Запредельные затейники


Изощренные мастера слова, любители поиграть с его значениями, Макаревич и Елагина выбрали для своей выставки в Третьяковке на Крымском Валу ловкое, напрашивающееся на толкования название. “В пределах прекрасного” – двойной код. Тут и утверждение, что они работают в рамках искусства, которые ушедший век делал безразмерными, тут и ирония над неискушенным зрителем, опрометчиво ждущим от художников эстетических услад. Такого не будет. Концептуальное искусство зрелищностью, как правило, принципиально пренебрегает, работает и играет со смыслами, тешится мистификациями, профанирует все серьезное (в случае Макаревича и Елагиной – от научных теорий до двуглавого орла).

Большие выставки концептуалистов смотреть бывает неприятно. Вещный мусор (потрепанные наглядные пособия, старые железяки, нарочито плохо написанные копии картин, глиняные комочки с отпечатками пальцев, рамочки, свечки, обертки, бумажки), из которого строится концептуалистское литературно-художественное произведение, начинает напирать на зрителя своей массой так сильно, что заставить себя разбираться, о чем все это, становится мучительно трудно.

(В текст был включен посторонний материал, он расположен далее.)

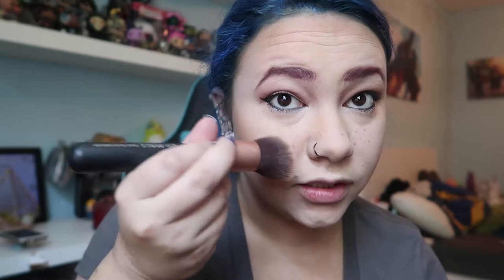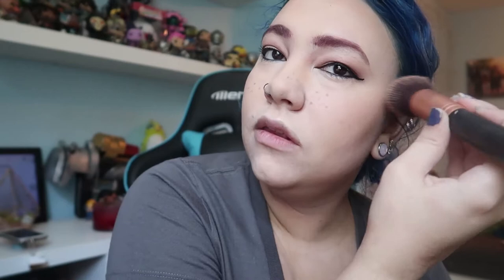After you've done your freckles, this is when I like to go in with my blush. I'm just going to take a little bit and go over my cheeks — just a little, to make it look natural but not super dark. I also like to take a little bit and put it on the top of my nose.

Сказать, что такого не случилось на выставке “В пределах прекрасного”, было бы неправдой. Что жаль, ведь ее авторы как раз умеют работать красиво и тревожно, выходя за рамки привычно прекрасного. Это видно в ранней жесткой живописи Макаревича, в давних элегических инсталляциях Елагиной, во всех фотогравюрах тяжелого телом человека, напялившего длинноносую маску. Но вот заставить, пожертвовав мастерством и вкусом, целый зал мухоморами – это действительно поганая идея, пусть даже и остроумная.

Конечно, можно и не вникать во все подробно развернутые Макаревичем и Елагиной художнические псевдоэпосы. Забавляться деревянной кроватью с шипами, переворачивающейся при вращении приделанного к ней колеса. Дивиться деревянному мухомору с моделью татлинской башни на шляпке как забавному арт-объекту. Или разглядеть в копии “Черного квадрата” Малевича силуэт Буратино. Такое отношение к выставке вполне допустимо, но не продуктивно. Разбираться интереснее, потому что сюжеты повествований тут хорошо закручены и, безусловно, умны.

Правда, чтобы понять, зачем здесь Буратино, поганка и пыточная кровать, потребуется умение отличить фиктивных персонажей от реальных и желание исследовать, каким образом в мифологии Макаревича длинноносая деревянная кукла стала “агентом утопических преобразований”. Понять, что таким образом художник печально пародирует тоталитарные идеологии, морочащие головы простым советским людям (были ли вправду так заморочены советские люди или они выдуманы для нужд концептуального искусства, неизвестно). В этом склонному к размышлению зрителю очень помогут толковые научные пояснения ко всем разделам выставки. Впрочем, и эти пояснения тоже можно посчитать пародией (“визуальные клише ушедшей формации”) на актуальное искусствоведение, которое иногда очень хочется обозвать “симулякром” русского языка.

Выставка показывает то, что делали Макаревич и Елагина (сначала каждый сам по себе, а потом вместе) начиная с 1987-го по прошлый год. Несколько залов, несколько самостоятельных выставок – каждая со своей подробнейшим образом проработанной темой. Получилось очень длинное повествование и очень содержательное.